Produce a faithful copy of the data, one that leaves out the pictures.

→ Short text fragments from websites:

________

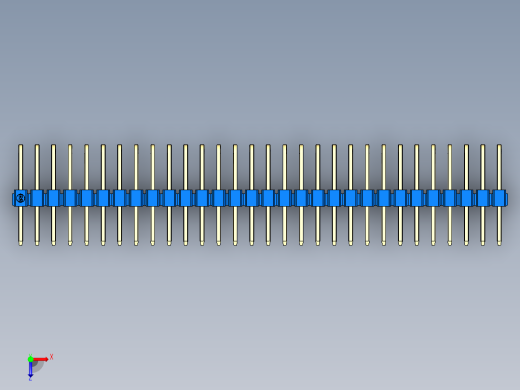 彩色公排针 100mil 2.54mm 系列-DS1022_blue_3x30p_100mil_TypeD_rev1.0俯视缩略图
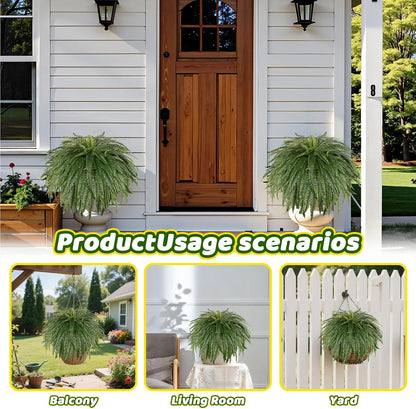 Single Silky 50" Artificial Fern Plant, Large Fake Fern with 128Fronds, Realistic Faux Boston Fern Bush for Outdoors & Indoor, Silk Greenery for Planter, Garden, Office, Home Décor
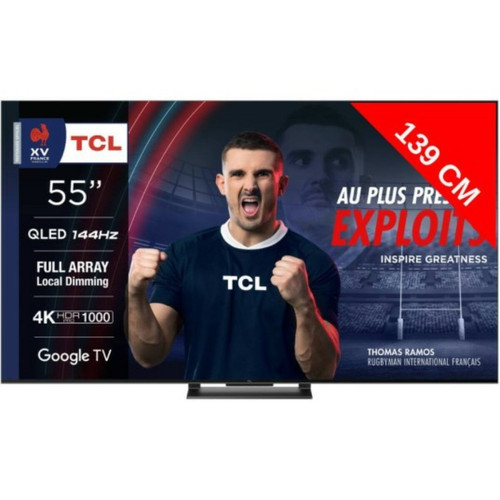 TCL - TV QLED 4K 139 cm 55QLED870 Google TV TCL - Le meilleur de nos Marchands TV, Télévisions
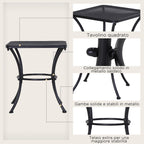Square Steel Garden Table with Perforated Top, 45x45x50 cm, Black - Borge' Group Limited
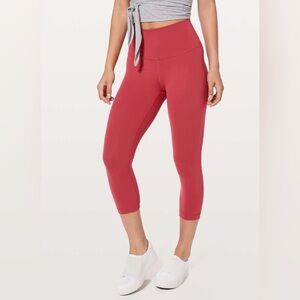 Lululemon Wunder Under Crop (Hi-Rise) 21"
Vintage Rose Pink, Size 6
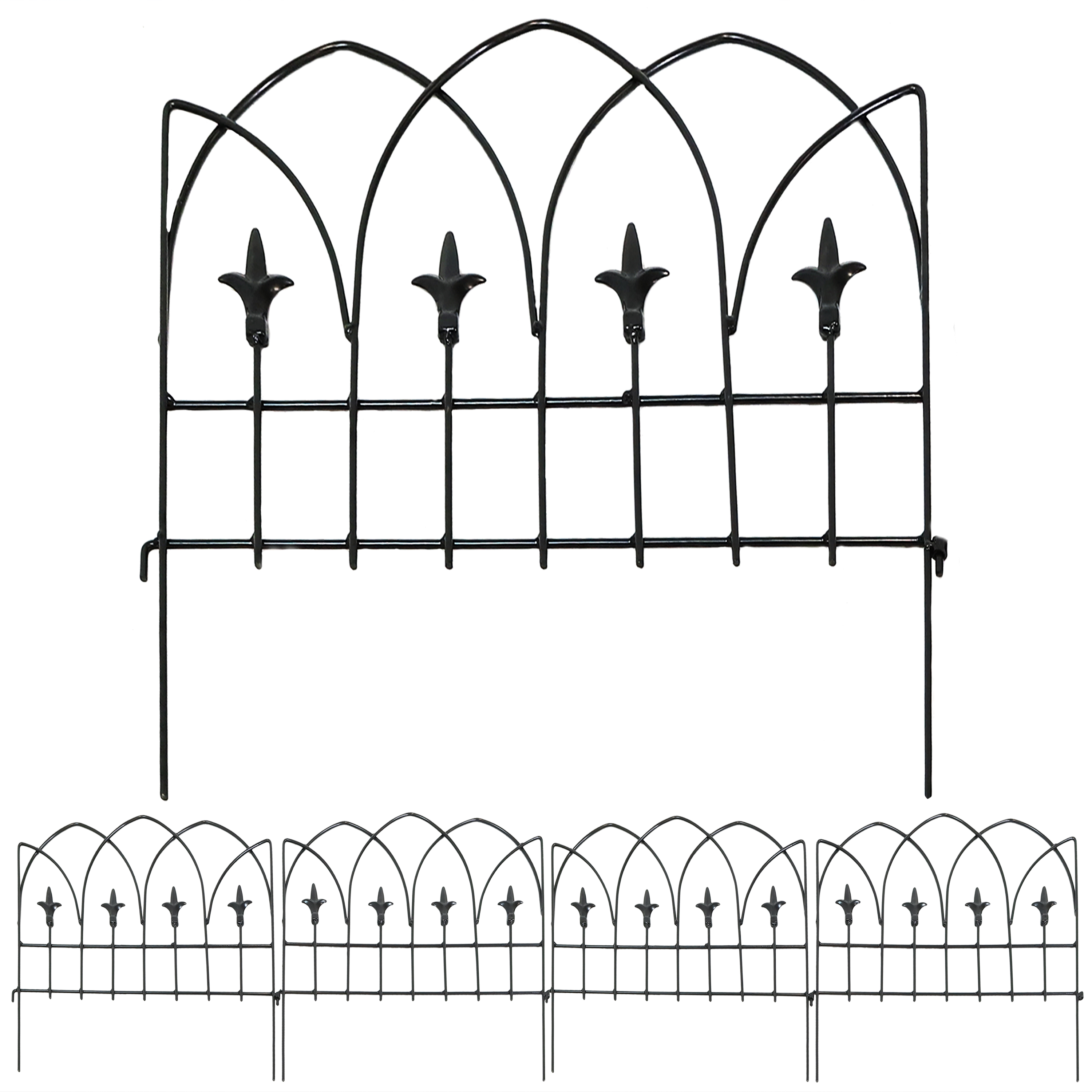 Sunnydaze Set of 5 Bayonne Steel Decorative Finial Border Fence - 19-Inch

________

→ Response below:
 彩色公排针 100mil 2.54mm 系列-DS1022_blue_3x30p_100mil_TypeD_rev1.0俯视缩略图
 Single Silky 50" Artificial Fern Plant, Large Fake Fern with 128Fronds, Realistic Faux Boston Fern Bush for Outdoors & Indoor, Silk Greenery for Planter, Garden, Office, Home Décor
 TCL - TV QLED 4K 139 cm 55QLED870 Google TV TCL - Le meilleur de nos Marchands TV, Télévisions
Square Steel Garden Table with Perforated Top, 45x45x50 cm, Black - Borge' Group Limited
 Lululemon Wunder Under Crop (Hi-Rise) 21"
Vintage Rose Pink, Size 6
 Sunnydaze Set of 5 Bayonne Steel Decorative Finial Border Fence - 19-Inch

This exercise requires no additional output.